REPAGINADO Um André afável, emotivo e democrático, consultando a comunidade e gentil com seus colaboradores, no lugar do homem autoritário e nervoso. Foi o que se viu no evento ocorrido no Clube Estoril. Nasce o “Andrézinho Paz e Amor”.

BOLA CHEIA A plateia do Estoril aplaudiu as referências elogiosas de André ao senador Figueiró que se sentiu extremamente prestigiado. André lembrou que o Senado fez bem ao “formiguinha”, tido como senador muito competente.

DETALHES Bernal, a bancada do PT (estadual/federal) e Azambuja não participaram do evento. Na sua fala André só lamentou a ausência dos petistas e de Delcídio. Não fez qualquer referência ao prefeito e ao deputado tucano. Passou batido.

VIRADA A equipe de marketing do governador acha que a partir de agora haverá uma mudança radical na rejeição política de André, colocando-o novamente no jogo eleitoral de modo decisivo. Mas seu discurso é de quem vai para casa cuidar dos netos.

ANTONIO H. MORAES: ‘Cap’ do G. Votorantin (86 empresas), aos 85 anos fora de ação sofrendo de hidrocefalia e Mal de Alzhhemeir. O sociólogo José Pastore lançou um livro sobre o empresário: ‘Memórias de um diário confidencial’. Leia.
LIÇÕES Na diretoria da B. Portuguesa sabia até quantos quilos de roupas eram lavadas. Construía escolas à pedido de políticos por 1/3 do valor orçado pelo poder público. Simples, avesso a promoção pessoal, não usava seguranças.

O ERRO Na obra citada consta a confissão da única desobediência ao conselho de seu pai - senador entre 1963/70 por Pernambuco: “Nunca entre na política”. Em 1986 perdeu para Quércia e aí a vida pública perdeu um grande brasileiro. Foi pena.

CACIFE Ao lançar o pacote de obras do ‘MS Forte’ André reforça as candidaturas do PMDB para 2014. Caberá agora aos protagonistas (Nelsinho-Simone) a competência e habilidade para costurar apoios e viabilizar o sucesso do projeto político.

CENÁRIO Há pressão para André tentar o Senado.
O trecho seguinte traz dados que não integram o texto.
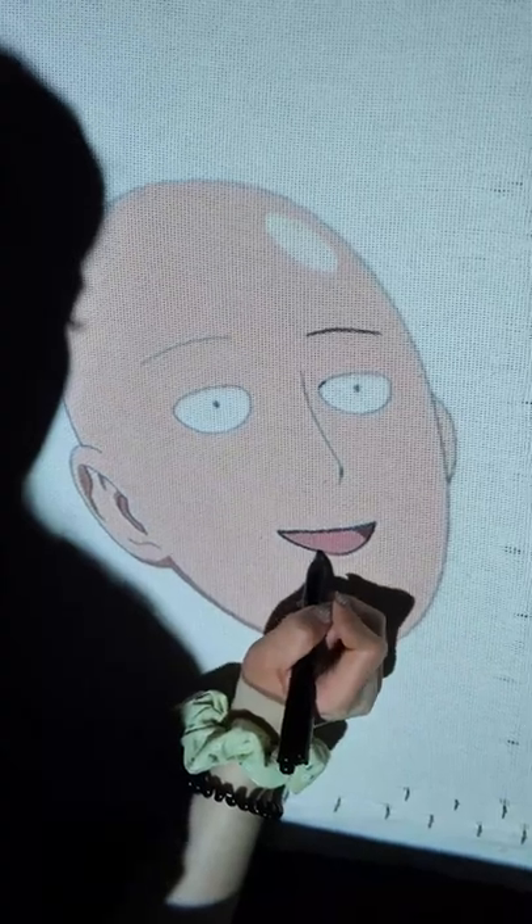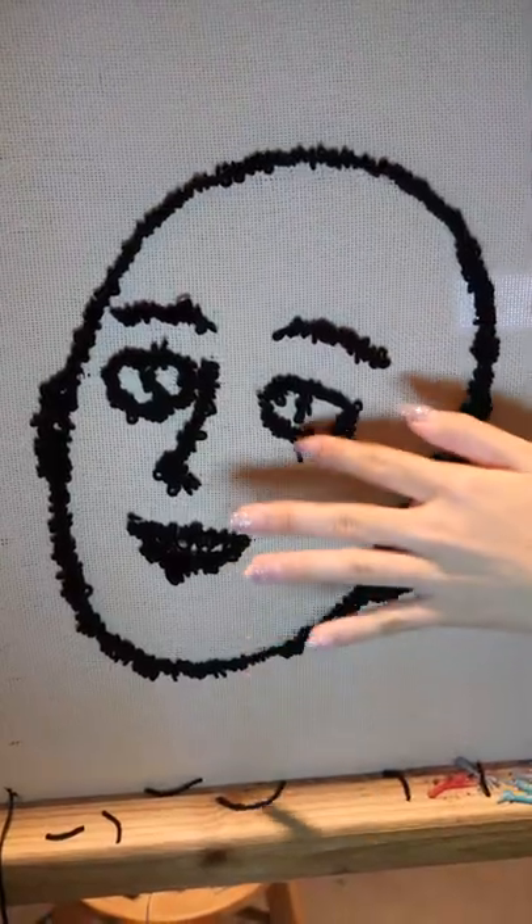It's time to make One Punch Man himself into a rug. I start with an outline on the details. And he looks a little bit weak, so let's add some more.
Com ele na chapa o partido se fortalece em termos de chapa majoritária. Agora quanto as relações com o Azambuja aumentou o distanciamento por razões notórias. Um caminho sem volta.

DELCÍDIO Atua em duas frentes: Luta para apaziguar os ânimos dentro do PT e fica atento aos movimentos no PMDB e PSDB para se aproveitar de rachas e atrair os dissidentes. Tem evitado críticas ácidas, mas não deixa de marca sua posição.
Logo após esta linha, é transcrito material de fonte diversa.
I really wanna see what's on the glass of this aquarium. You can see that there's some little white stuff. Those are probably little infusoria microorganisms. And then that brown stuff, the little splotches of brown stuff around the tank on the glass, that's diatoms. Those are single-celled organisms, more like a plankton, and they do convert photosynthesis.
RESUMO Sem outro nome de peso, os ex-radicais ( plantavam dificuldades para colher vantagens) ex-críticos de Delcídio, hoje o defendem. Lembra da fala crítica de Zeca e Kemp sobre Delcídio? Pois é! Só o timbre de voz de ambos não mudou.

BERNAL Neste ritmo pode perder bem mais que os cabelos. Incrível a capacidade de fazer inimigos políticos. Sua habilidade gerencial é a antítese da atuação como locutor. A administração pública deve ter aquela aparência da ‘mulher de Cesar’.
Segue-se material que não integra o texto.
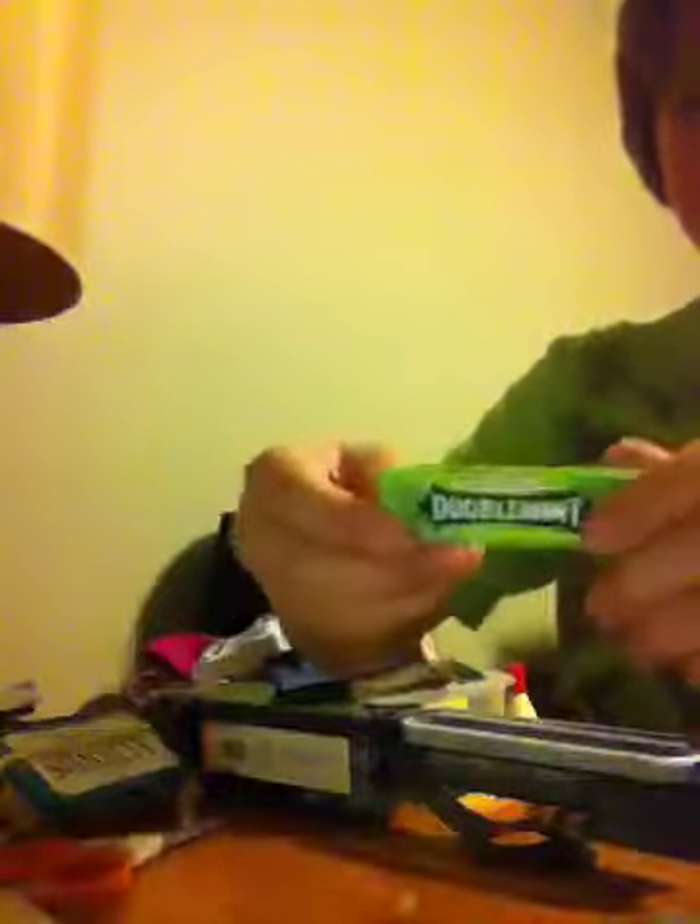I've got a toothpick. I've got two sheets of paper. This is SAS, by the way. I've got two packets of salt. I've got some band-aids. I've got some double mint bubble gum. I've got a little flashlight — very bright.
VENDO Tassio Jeressaiti no seu shopping local lembrei: Em 2012 o PSDB só elegeu 8 prefeitos no Ceará. O ex-governador (3 vezes) e ex- senador, diz ter encerrado a carreira para cuidar dos negócios e netos. A exemplo de André, conseguirá?

A LIÇÃO Neste mundo egoísta em que se vive, nunca é demais ressaltar o gesto do Antonio Moraes em sua cruzada contra o câncer. Isso inclusive coloca os ex-dirigentes do Hospital do Câncer em situação difícil junto a opinião pública. Certo?

MUITO BOM! Incluir o combate as drogas na grade curricular da Reme – à partir do 7º ano – e Médio no 1º e 2º ano – é o projeto interessante da vereadora Juliana Zorzo. É bem mais oportuno do que conceder honrarias de mérito duvidoso.

‘EU AVISEI...’ O papo ‘estranho’ do Planalto em empurrar ao MS a responsabilidade de pagar pelas terras em litígio – arcando com o deságio previsível dos TDAs, não tem amparo legal. Quer tirar o ‘seu da reta’ e ficar com louros da solução.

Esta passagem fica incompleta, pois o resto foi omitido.